TWO VALUED LOGIC At the turn of the last century mathematics was defined by the 23 problems posed by the German mathematician David Hilbert.  Hilbert’s problems were preponderantly about proving conjectures. That is, they were entirely to do with pure mathematics where 2 valued logic reigns: either a statement is true (1) or it is false (0).

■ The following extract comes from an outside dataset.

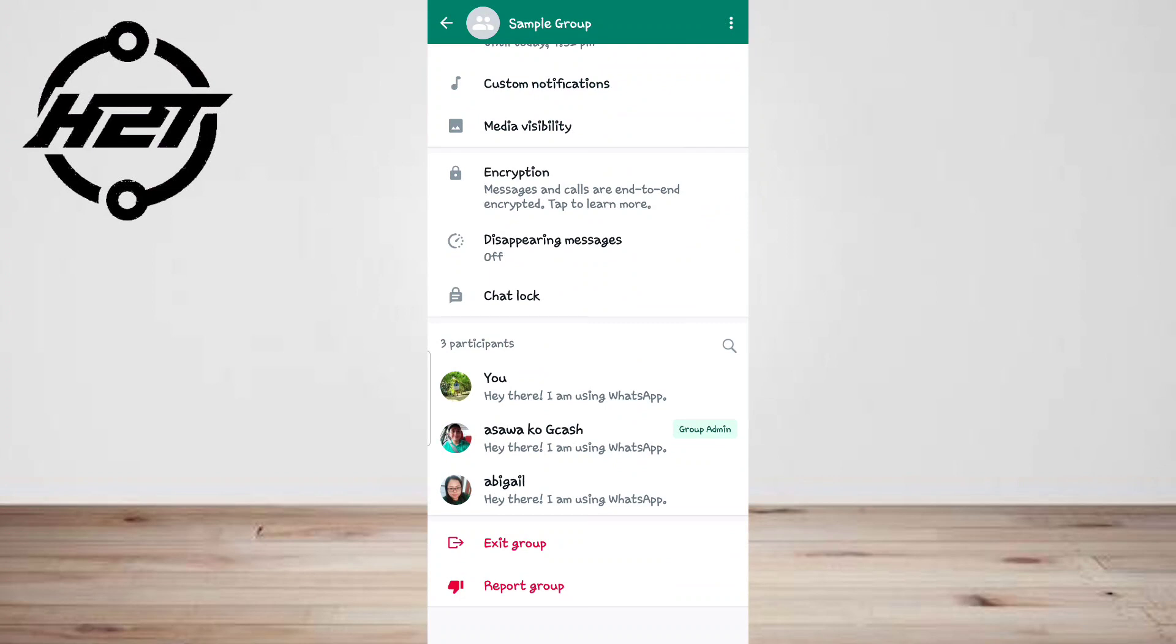WhatsApp allows you to choose who can add you to the group. That way you can prevent being added to groups you don't want to be a member of. The fourth option: open WhatsApp.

FUZZY LOGIC: The rise of the imaginative maverick In 1965 a computer scientist by the  name of Lofti Zadeh proposed an  infinite valued logic. The logic would take any value x in  the range  0 ≤ x ≤ 1 This was called FUZZY LOGIC.
                   FUZZY LOGIC Fuzzy logic was not an abstract phenomenon.  Zadeh knew it could be applied from the outset. “Well, I knew it was going to be important. That much I knew. In fact, I had thought about sealing it in a dated envelope with my predictions and then opening it 20-30 years later to see if my intuitions were right. I used to think about it this way: that one day Fuzzy Logic would turn out to be one of the most important things to come out of our Electrical Engineering Computer Systems Division at Berkeley.”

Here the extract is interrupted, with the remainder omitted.